# Exercise requirements
Repeat the entries below exactly. Begin with the first line and end with the line that contains "Blouson Bomber Varsity".

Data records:
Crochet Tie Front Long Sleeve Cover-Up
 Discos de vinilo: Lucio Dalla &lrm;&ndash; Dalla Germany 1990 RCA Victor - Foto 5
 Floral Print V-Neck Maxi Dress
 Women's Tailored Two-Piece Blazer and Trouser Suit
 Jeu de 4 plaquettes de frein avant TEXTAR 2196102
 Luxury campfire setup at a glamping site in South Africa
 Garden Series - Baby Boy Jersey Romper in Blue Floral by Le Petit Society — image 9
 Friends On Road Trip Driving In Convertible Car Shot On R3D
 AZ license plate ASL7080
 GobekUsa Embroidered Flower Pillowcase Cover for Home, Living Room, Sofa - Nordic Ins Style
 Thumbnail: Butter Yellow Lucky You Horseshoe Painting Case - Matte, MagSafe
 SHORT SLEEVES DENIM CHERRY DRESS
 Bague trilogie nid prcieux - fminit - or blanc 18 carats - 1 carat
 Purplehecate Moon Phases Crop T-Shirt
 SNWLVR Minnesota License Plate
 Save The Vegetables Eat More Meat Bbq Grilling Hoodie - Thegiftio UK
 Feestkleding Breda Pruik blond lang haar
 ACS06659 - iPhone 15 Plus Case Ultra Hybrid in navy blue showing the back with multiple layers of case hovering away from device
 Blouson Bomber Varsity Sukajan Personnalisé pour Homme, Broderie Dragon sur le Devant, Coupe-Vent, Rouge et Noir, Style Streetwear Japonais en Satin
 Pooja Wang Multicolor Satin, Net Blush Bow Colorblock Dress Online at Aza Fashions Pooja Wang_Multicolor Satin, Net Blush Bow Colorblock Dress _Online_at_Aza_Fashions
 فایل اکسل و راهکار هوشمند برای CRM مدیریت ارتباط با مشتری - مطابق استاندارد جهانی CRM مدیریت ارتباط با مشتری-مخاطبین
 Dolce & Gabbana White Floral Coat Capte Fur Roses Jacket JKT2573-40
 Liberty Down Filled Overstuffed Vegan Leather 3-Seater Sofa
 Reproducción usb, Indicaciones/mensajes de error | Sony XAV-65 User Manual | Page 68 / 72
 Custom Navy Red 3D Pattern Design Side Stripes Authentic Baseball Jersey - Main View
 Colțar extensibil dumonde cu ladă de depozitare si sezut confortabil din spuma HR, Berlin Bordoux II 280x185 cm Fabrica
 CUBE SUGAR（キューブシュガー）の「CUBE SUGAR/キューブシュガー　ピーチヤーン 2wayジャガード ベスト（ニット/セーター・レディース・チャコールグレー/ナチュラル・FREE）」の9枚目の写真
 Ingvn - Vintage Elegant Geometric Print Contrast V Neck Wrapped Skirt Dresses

# Task answer
Crochet Tie Front Long Sleeve Cover-Up
 Discos de vinilo: Lucio Dalla &lrm;&ndash; Dalla Germany 1990 RCA Victor - Foto 5
 Floral Print V-Neck Maxi Dress
 Women's Tailored Two-Piece Blazer and Trouser Suit
 Jeu de 4 plaquettes de frein avant TEXTAR 2196102
 Luxury campfire setup at a glamping site in South Africa
 Garden Series - Baby Boy Jersey Romper in Blue Floral by Le Petit Society — image 9
 Friends On Road Trip Driving In Convertible Car Shot On R3D
 AZ license plate ASL7080
 GobekUsa Embroidered Flower Pillowcase Cover for Home, Living Room, Sofa - Nordic Ins Style
 Thumbnail: Butter Yellow Lucky You Horseshoe Painting Case - Matte, MagSafe
 SHORT SLEEVES DENIM CHERRY DRESS
 Bague trilogie nid prcieux - fminit - or blanc 18 carats - 1 carat
 Purplehecate Moon Phases Crop T-Shirt
 SNWLVR Minnesota License Plate
 Save The Vegetables Eat More Meat Bbq Grilling Hoodie - Thegiftio UK
 Feestkleding Breda Pruik blond lang haar
 ACS06659 - iPhone 15 Plus Case Ultra Hybrid in navy blue showing the back with multiple layers of case hovering away from device
 Blouson Bomber Varsity Sukajan Personnalisé pour Homme, Broderie Dragon sur le Devant, Coupe-Vent, Rouge et Noir, Style Streetwear Japonais en Satin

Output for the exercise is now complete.